# What is the minimal symmetry required for a spin Hamiltonian to describe a spin-liquid ground state?

Let's restrict to the case of spin-1/2 system. As we know, a spin-liquid (SL) state is the ground state of a lattice spin Hamiltonian with no spontaneous broken symmetries (sometime it may spontaneously break time-reversal symmetry and is called a chiral SL), where two essential symmetries of a SL state are lattice translation and spin-rotation symmetries.

Since, traditionally, we usually describe a SL state by using a spin Hamiltonian with the full $SU(2)$ spin-rotation symmetry (e.g., Heisenberg model), and the corresponding SL state is hence also $SU(2)$ symmetric, i.e., a RVB type SL. While, the honeycomb Kitaev model provides us an exact SL ground state with $Q_8$ spin-rotation symmetry, where $Q_8$ is a finite subgroup of $SU(2)$, indicating that the Kitaev SL does NOT belong to the RVB type.

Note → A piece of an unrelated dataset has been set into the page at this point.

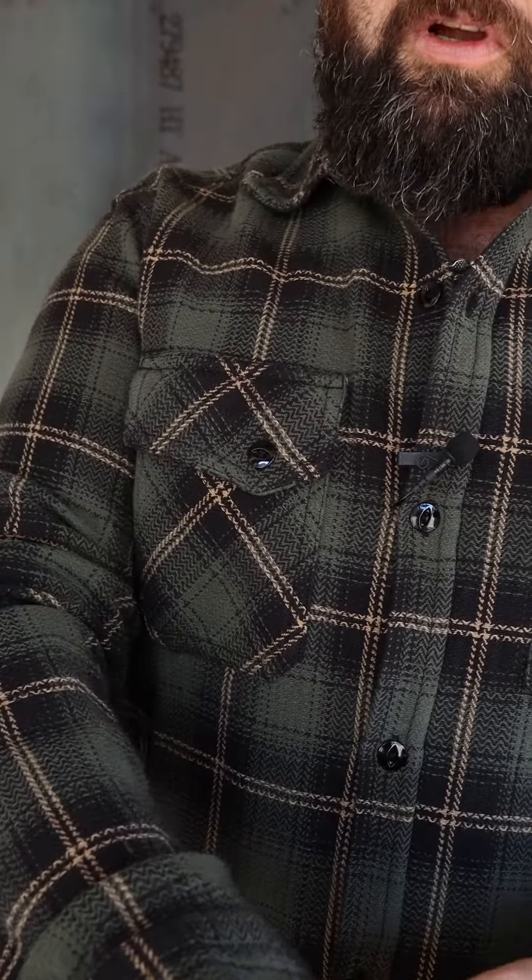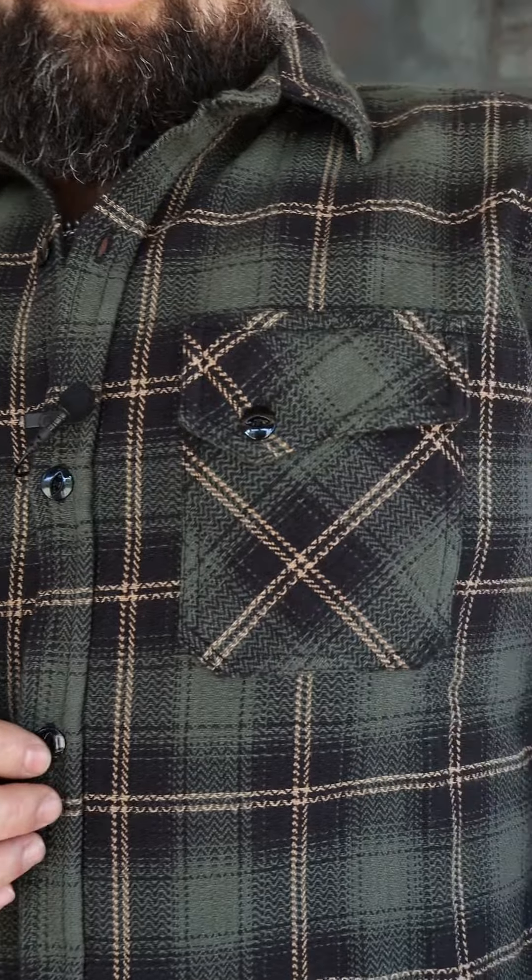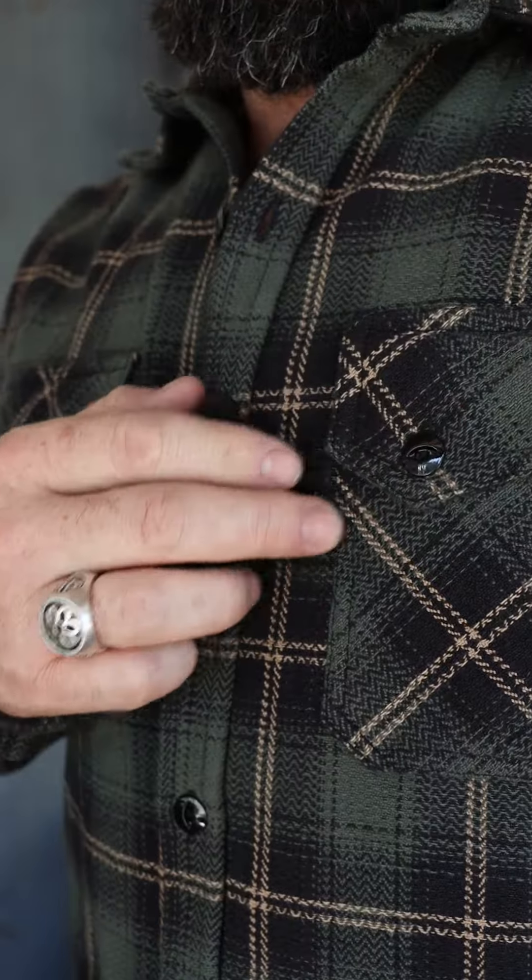It's brushed interior and exterior so it's really soft but it has a nice grain or textured feeling to the exterior. Really pretty olive, black and khaki plaid. Also it's painted metal buttons, little cat eye buttons.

Thus, my question is: Generally speaking, what is the minimal spin-rotation symmetry required for a spin Hamiltonian to describe a SL ground state? Is $Q_8$ group the minimal one? Thank you very much.

[My motivation for this question is that for a spin Hamiltonian without any spin-rotation symmetry, whether or not can it possess a SL ground state? And does the existence of a SL state with some spin-rotation symmetry imply the occurrence of emergent symmetries?]

• @KaiLi If I understand your question correctly, you are asking "If you add a term that breaks the SU(2) symmetry, can the ground state be a spin liquid with local magnetic moments?" The answer is yes: for example, if you apply a field $H \approx J/3$ to the nearest-neighbor Kagome antiferromagnet, you get a gapped state that is probably a $\mathbb{Z}_3$ spin liquid, in which the spins have a magnetic moment parallel to the field. See nature.com/ncomms/2013/130805/ncomms3287/full/ncomms3287.html. – tparker May 11 '16 at 22:50
One way to rephrase your question is: how much symmetry is required for a Lieb-Schultz-Mattis theorem to still hold? For example, Oshikawa and Hastings showed that you can break down $SO(3) \to U(1)$ (rotation invariance about one axis), and the theorem still holds at zero-magnetization. Later work showed you can breakdown $SO(3) \to \mathbb{Z}_2 \times \mathbb{Z}_2$, or you even break $SO(3)$ completely if you keep time-reversal invariance. These two are probably the minimal cases in the sense you're asking.